Der Autor, Michael Koser, lässt seine 'Denkmaschine' Professor Dr. Dr. Dr. van Dusen diesmal in London agieren. Er lässt 'sie' zusammen mit dem Journalisten Hatch im vornehmen "Savoy" absteigen, just in dem Hotel, in dem der Zimmerkellner gerade die Leiche von Mr. Dixon entdeckt hat. Was liegt näher, als den Professor um Mithilfe bei der Aufklärung des Mordes zu bitten. Nach dem Verhör des Kellners, der dem Professor versichert, einen Mann vor Zimmer 412 gesehen zu haben und der ihm eine Personenbeschreibung serviert, die auf jeden x-beliebigen Gast zutreffen könnte, begibt sich der Professor höchstpersönlich in die 4. Etage. Dass Mr. Dixon erschlagen und beraubt worden war, sieht van Dusen auf den ersten Blick. Auf den zweiten sieht er dann ein Papierschnipsel in der Hand des Toten. Für das ungeschulte Auge ist nur ein sinnloses Gekritzel zu erkennen. Der Professor jedoch sieht sofort, dass es sich hier um den technischen Entwurf eines neuartigen Typs von Maschinengewehren handelt. Erhärtet wird sein Verdacht durch Oberst Pickersgill. Dieser bestätigt dem Professor, mit Mr. Dixon im Geschäft gewesen zu sein. Mit diesem Wissen leitet van Dusen eine neue Phase seiner Recherchen ein, bei der ihm die beiseite geschaffte und gerade wiederentdeckte Armbanduhr des Toten neues Material liefert. Die Spur des Mörders führt allem Anschein nach in das Wachsfigurenkabinett der Madame Tussaud. Was den Professor hier erwartet, bringt ihn aus der Fassung: inmitten einer Gruppe von Genies der Vergangenheit glänzt er als lebende Grösse. Hatte man ihn nur deshalb hergelockt?

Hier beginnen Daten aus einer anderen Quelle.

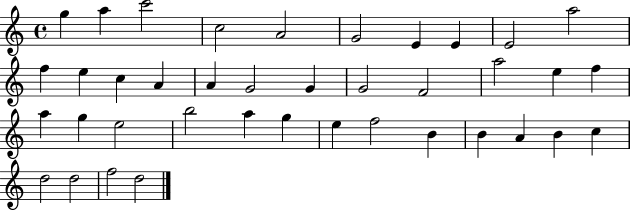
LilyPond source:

{
  \clef treble
  \time 4/4
  \defaultTimeSignature
  \key c \major
  g''4 a''4 c'''2 | c''2 a'2 | g'2 e'4 e'4 | e'2 a''2 | \break f''4 e''4 c''4 a'4 | a'4 g'2 g'4 | g'2 f'2 | a''2 e''4 f''4 | \break a''4 g''4 e''2 | b''2 a''4 g''4 | e''4 f''2 b'4 | b'4 a'4 b'4 c''4 | \break d''2 d''2 | f''2 d''2 | \bar "|."
}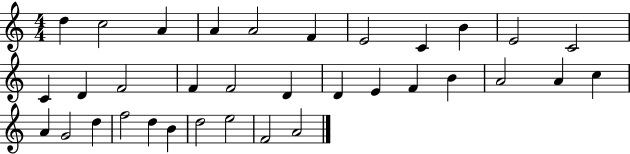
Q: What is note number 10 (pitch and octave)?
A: E4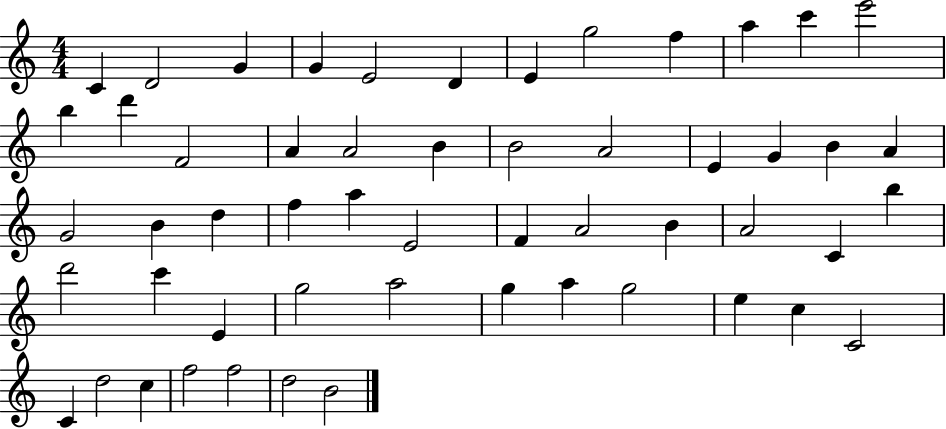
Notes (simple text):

C4/q D4/h G4/q G4/q E4/h D4/q E4/q G5/h F5/q A5/q C6/q E6/h B5/q D6/q F4/h A4/q A4/h B4/q B4/h A4/h E4/q G4/q B4/q A4/q G4/h B4/q D5/q F5/q A5/q E4/h F4/q A4/h B4/q A4/h C4/q B5/q D6/h C6/q E4/q G5/h A5/h G5/q A5/q G5/h E5/q C5/q C4/h C4/q D5/h C5/q F5/h F5/h D5/h B4/h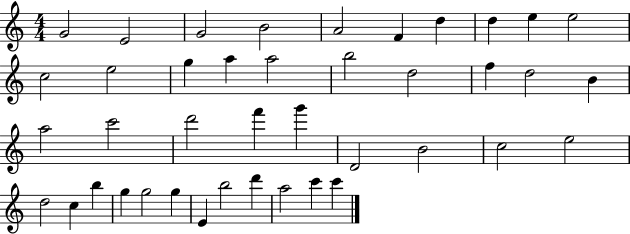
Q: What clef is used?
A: treble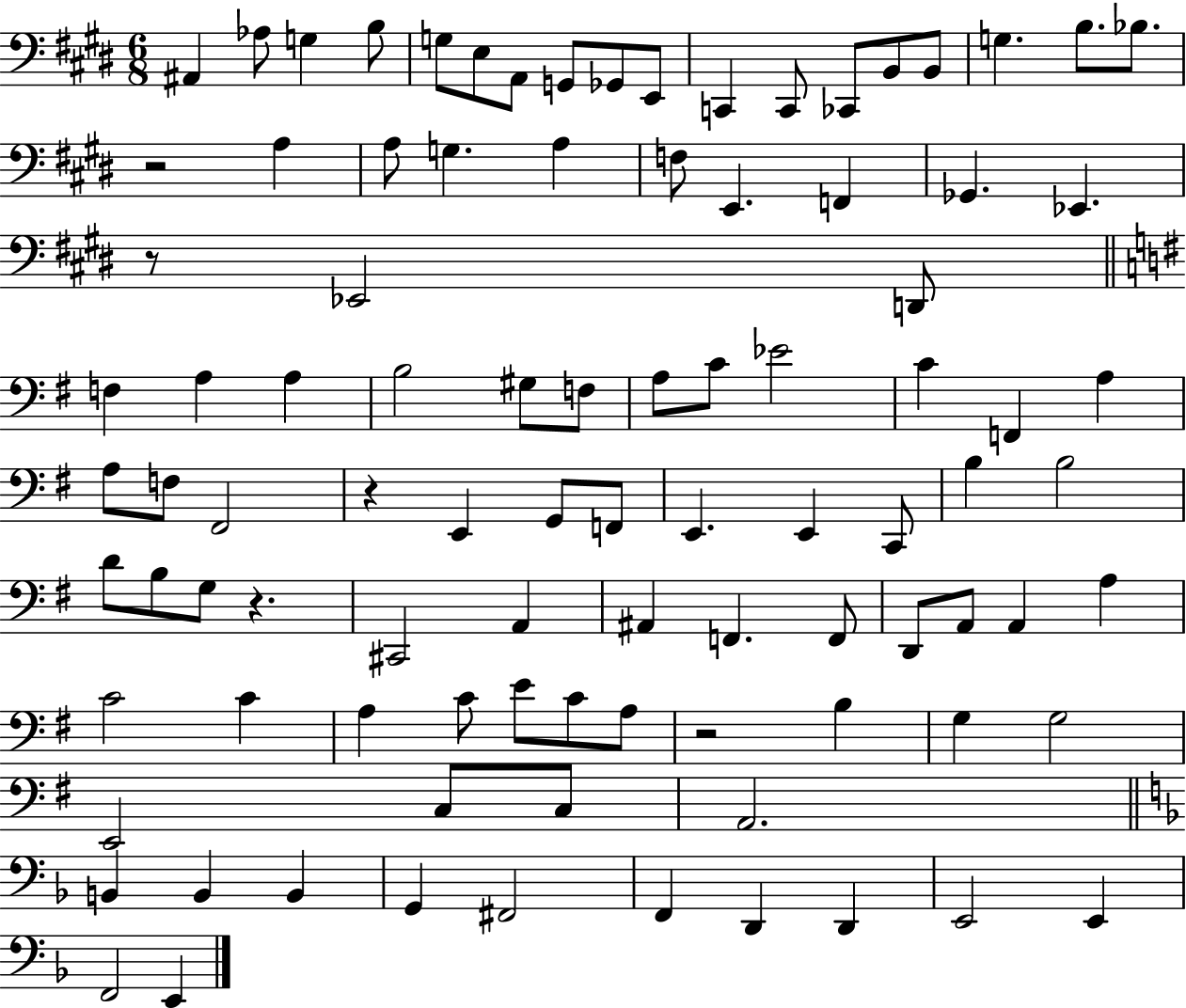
{
  \clef bass
  \numericTimeSignature
  \time 6/8
  \key e \major
  ais,4 aes8 g4 b8 | g8 e8 a,8 g,8 ges,8 e,8 | c,4 c,8 ces,8 b,8 b,8 | g4. b8. bes8. | \break r2 a4 | a8 g4. a4 | f8 e,4. f,4 | ges,4. ees,4. | \break r8 ees,2 d,8 | \bar "||" \break \key g \major f4 a4 a4 | b2 gis8 f8 | a8 c'8 ees'2 | c'4 f,4 a4 | \break a8 f8 fis,2 | r4 e,4 g,8 f,8 | e,4. e,4 c,8 | b4 b2 | \break d'8 b8 g8 r4. | cis,2 a,4 | ais,4 f,4. f,8 | d,8 a,8 a,4 a4 | \break c'2 c'4 | a4 c'8 e'8 c'8 a8 | r2 b4 | g4 g2 | \break e,2 c8 c8 | a,2. | \bar "||" \break \key f \major b,4 b,4 b,4 | g,4 fis,2 | f,4 d,4 d,4 | e,2 e,4 | \break f,2 e,4 | \bar "|."
}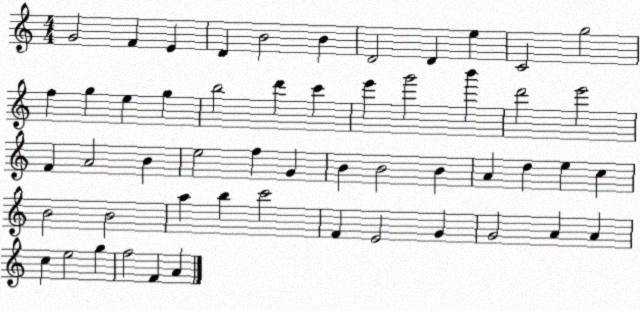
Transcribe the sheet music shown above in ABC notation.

X:1
T:Untitled
M:4/4
L:1/4
K:C
G2 F E D B2 B D2 D e C2 g2 f g e g b2 d' c' e' g'2 b' d'2 e'2 F A2 B e2 f G B B2 B A d e c B2 B2 a b c'2 F E2 G G2 A A c e2 g f2 F A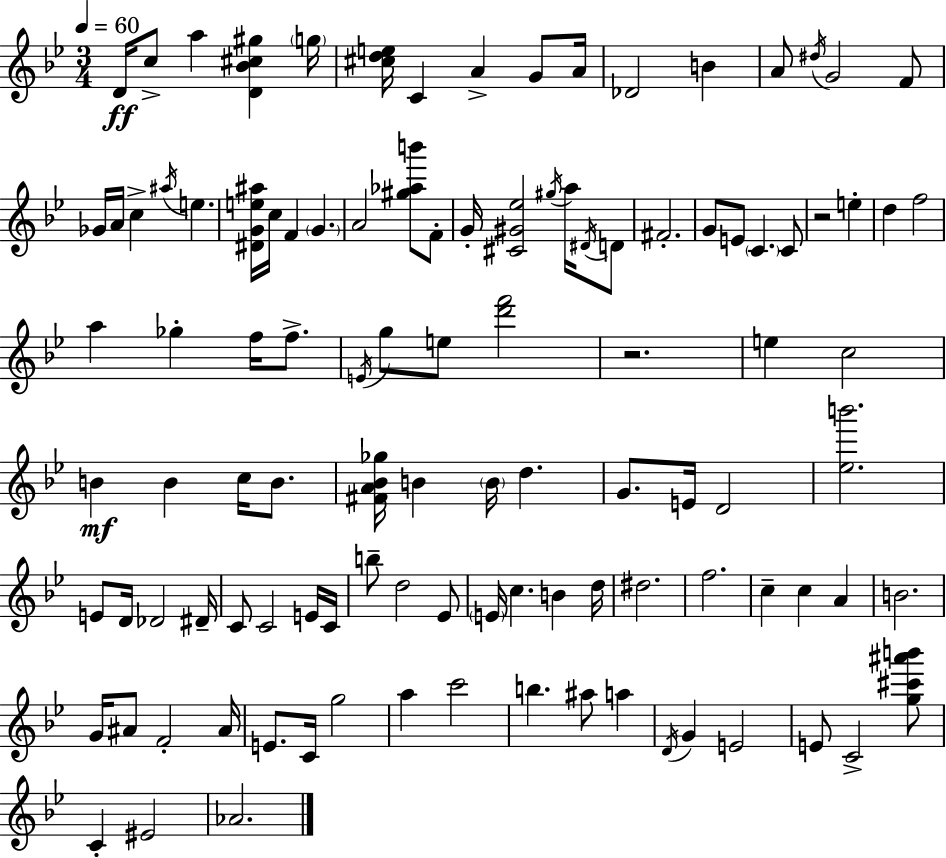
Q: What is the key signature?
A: BES major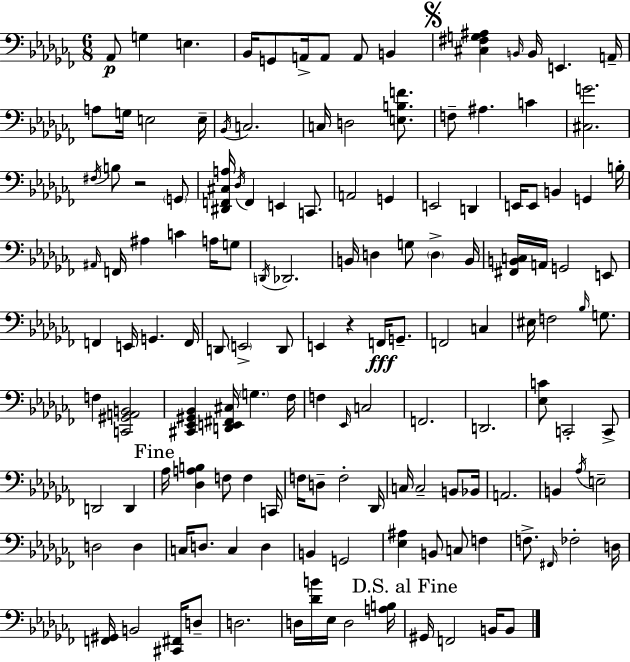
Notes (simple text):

Ab2/e G3/q E3/q. Bb2/s G2/e A2/s A2/e A2/e B2/q [C#3,F#3,G3,A#3]/q B2/s B2/s E2/q. A2/s A3/e G3/s E3/h E3/s Bb2/s C3/h. C3/s D3/h [E3,B3,F4]/e. F3/e A#3/q. C4/q [C#3,G4]/h. F#3/s B3/e R/h G2/e [D#2,F2,C#3,A3]/s Db3/s F2/q E2/q C2/e. A2/h G2/q E2/h D2/q E2/s E2/e B2/q G2/q B3/s A#2/s F2/s A#3/q C4/q A3/s G3/e D2/s Db2/h. B2/s D3/q G3/e D3/q B2/s [F#2,B2,C3]/s A2/s G2/h E2/e F2/q E2/s G2/q. F2/s D2/e E2/h D2/e E2/q R/q F2/s G2/e. F2/h C3/q EIS3/s F3/h Bb3/s G3/e. F3/q [C2,G#2,A2,B2]/h [C#2,Eb2,G#2,Bb2]/q [D2,E2,F#2,C#3]/s G3/q. FES3/s F3/q Eb2/s C3/h F2/h. D2/h. [Eb3,C4]/e C2/h C2/e D2/h D2/q Ab3/s [Db3,A3,B3]/q F3/e F3/q C2/s F3/s D3/e F3/h Db2/s C3/s C3/h B2/e Bb2/s A2/h. B2/q Ab3/s E3/h D3/h D3/q C3/s D3/e. C3/q D3/q B2/q G2/h [Eb3,A#3]/q B2/e C3/e F3/q F3/e. F#2/s FES3/h D3/s [F2,G#2]/s B2/h [C#2,F#2]/s D3/e D3/h. D3/s [Db4,B4]/s Eb3/s D3/h [A3,B3]/s G#2/s F2/h B2/s B2/e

Michael Koser, Jahrgang 1938, schreibt seit über 30 Jahren vor allem für das Radio und hat sich auf Kriminalhörspiel-Reihen konzentriert; es entstanden die Reihen "Die Denkmaschine" mit über 70 Abenteuern von Professor van Dusen und "Der letzte Detektiv" mit bislang 32 Folgen. 1973 erhielt er den Kurt-Magnus-Preis der ARD.